Modern development strategies employ different tactics to deliver code more quickly, from agile planning to cross-functional teams to ‘shift left’. Unit testing has an important role to play, accelerating cycle times by detecting regressions at the earliest possible stage. Since testing remains a significant bottleneck in most CI pipelines, the gains can be significant.
In this webinar, we cover:
1. The Critical Role of Unit Testing in Software Delivery
Main Theme: Unit testing is fundamental to delivering software faster and maintaining high code quality.
- Speed and Responsiveness: “The quicker and faster you can release means you can release more often which means you can respond to your environment quicker.” This includes responding to market opportunities, competitive pressures, and critical bug fixes.
- Quality as a Byproduct of Speed: “a company that’s able to ship faster is a company that must have good quality practices in place.” Fast shipping indicates robust quality assurance.

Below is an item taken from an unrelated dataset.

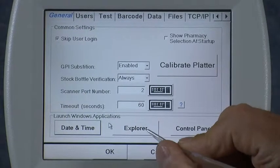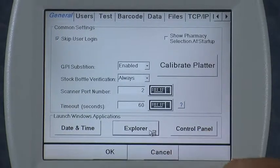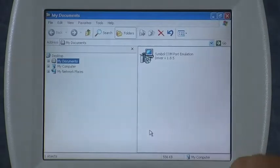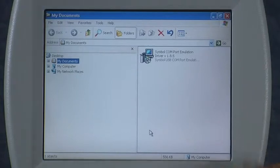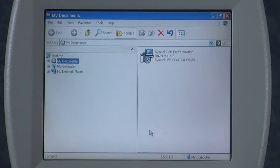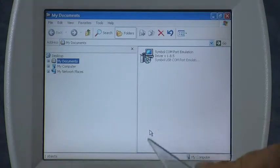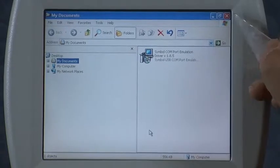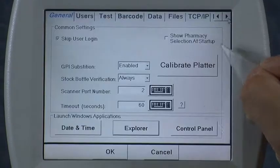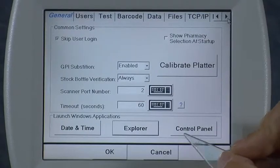Next, Explore — you should never have to go into here. Typically, if we have you try to do something special on your icon while you're calling the factory for technical support, you may have to go into this menu. Same with Control Panel.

- Preventing Production Bugs: Bugs reaching production are extremely costly and time-consuming to fix. “bugs that are making it into the field can take hours days weeks months I had one bug that took over a year to track down.”
- Shifting Left: Finding and fixing bugs earlier in the development cycle drastically reduces time and cost. “as we shift left further away from production the time it takes to find and fix defects reduces.”
- Developer Accountability and Context Switching: Unit tests empower developers to find and fix bugs on their desktops before moving on. This avoids “context switching,” which “kills velocity” and occurs when a developer is pulled back to fix old code.
- Surgical Precision: Unlike integration tests that pinpoint general failures, unit tests are “surgical,” testing “every single method very precisely.” This allows developers to know “exactly and we say surgically where that defect needs to be fixed.”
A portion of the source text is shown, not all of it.